Shouldn’t they be derived from what your eye saw when shooting ? Don’t choke, see below :

For illustrate this, my last post contains an image I’ve done, and I describe how far the raw is from this final image and why. And so how close the final image is from what I saw when shooting.
Do you think this image would have pass the test ?
And if not, do you think this is fair or not ? (maybe you think you don’t have to think ?)

And if unfair the question remains :
what are those arbitrary true rgbv values ?
Arbitrary, no mathematicaly speaking off course.
I understand there is a big matematical algorythm to compute them, and mathematic are supposed not to arbitrary; but photographically speaking :wink:

hope my poor english (little bit traductor helped) conveys humor I think in my native french langage.
So no offense.

Thank you Joanna !

Yes we’re all numbers.
Where is number 6 ?

More seriously this is what I had understood. And maybe an IA ring to rule them all ! And this is what frightened me.
Artistic statistic. It rhymes !

Tu peux toujours écrire en français mais, si tu préfère communiquer en anglais, je te conseil d’utiliser Deepl car il est très fort, même pour la traduction de phrases familières.

Dear JoPoV,
Whatever the IRCC thinks about it, this is a stunning image. You know, none of the images we took were taken to be certified or competed with… first and foremost, the photos were taken for our own enjoyment. If I decide to enter certain competitions, it is just to develop my technique by viewing the work of other amateur photographers, as having a large number of “Likes” or “Photo selected on amateur photo websites” will not help me to improve my self in capturing of wildlife scenes.
What you chose for this one is ideal, and the end product is stunning. Congrats.

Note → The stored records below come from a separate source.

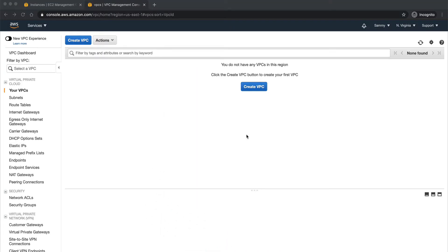Hey guys, welcome back to the channel. In this video we are going to extend our VPC module which we created in our last video. We are going to create another module called EC2 or compute, and we are going to create an EC2 instance using that module in our VPC. I will show you how you can use variables from one module into another module.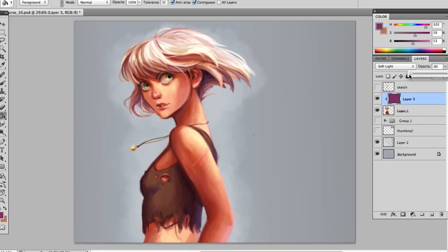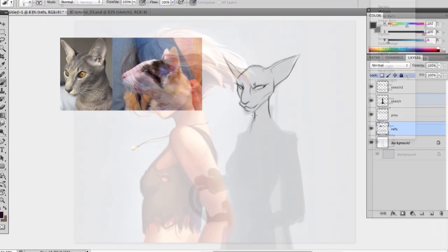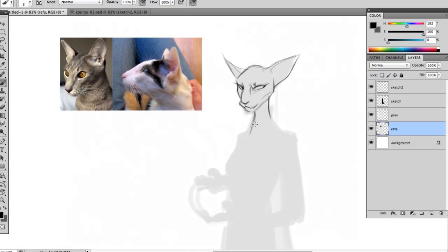In this course we are going to learn to design, develop and paint original characters in Photoshop. Some of the different skills we're learning is how to create original ideas and expanding on them, designing quickly and using time effectively.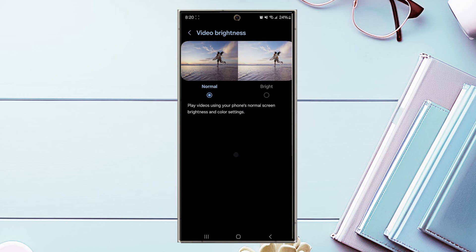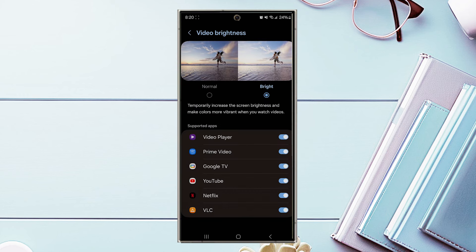From there you can choose bright to increase the brightness, and also choose which apps you can use to increase the brightness.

Quillbot n’est pas mal aussi :wink:

Mais ce n’est pas un traducteur

A RGB image is a stak of 3 gray images, one for each color, where the intensity of each pixel is coded on 8 bits, so from 0000000 to 11111111 in binary, 0 to 254 in decimal (and 0 to FF in Hexadecimal). The IRCC analyzed a large number of number of professional photos to determine the average deviation of these pixels values between non processed and processed images to etablising a statistical consensus about what professional photographers consider as best practice (We are speaking of photojournalisme that must be as close as possible from the reality, it is not about art photo). From this analysis they grade the image in three categories: Deviation from 0% to 13% grade A, 15% to 21% grade B, up to 30% grade C, above 30% deviation the photo is rejected as outside the best practices for photojournalisme. To simulate this process and estimate if your photo will pass the certficiation do this:

  1. Using your raw editor, deactivate all the presets and export your Raw image in JPG format.

  2. Export the processed image from your editor

  3. Import the two images in ImageJ and perform a RGB analysis

  4. Take the Mean values from this analysis and do ((p-u)/255)*100 where p is the mean RGB value of the processed image and u the mean RGB value of the unprocessed image

  5. Split the two images in 9 areas (3 lines, 3 rows covering the 100% of the image) and perform the same 3,4 operations

  6. You will obtain % to compare with the IRCC rules, the highest value will grade your image
    (this is what I understand from the IRCC documentation, I assume no rigthness and no responsibility in case of rejection)

The main difference between this process and the IRCC one it that the IRCC know the precise caracteristics of their RAW to RGB export algorithm.
This is for color processing grading but as explained before the IRCC performs others controls.

Each photo contest organization defines its own rules, photojournalisme ones will apply similar grading, but nothing prevent you to process your photos outisde these limites and to present your image in art photo contest. The ethical limit is to present an image as a photojournalism one hiding it was processed beyond the accepted photojournalism practices.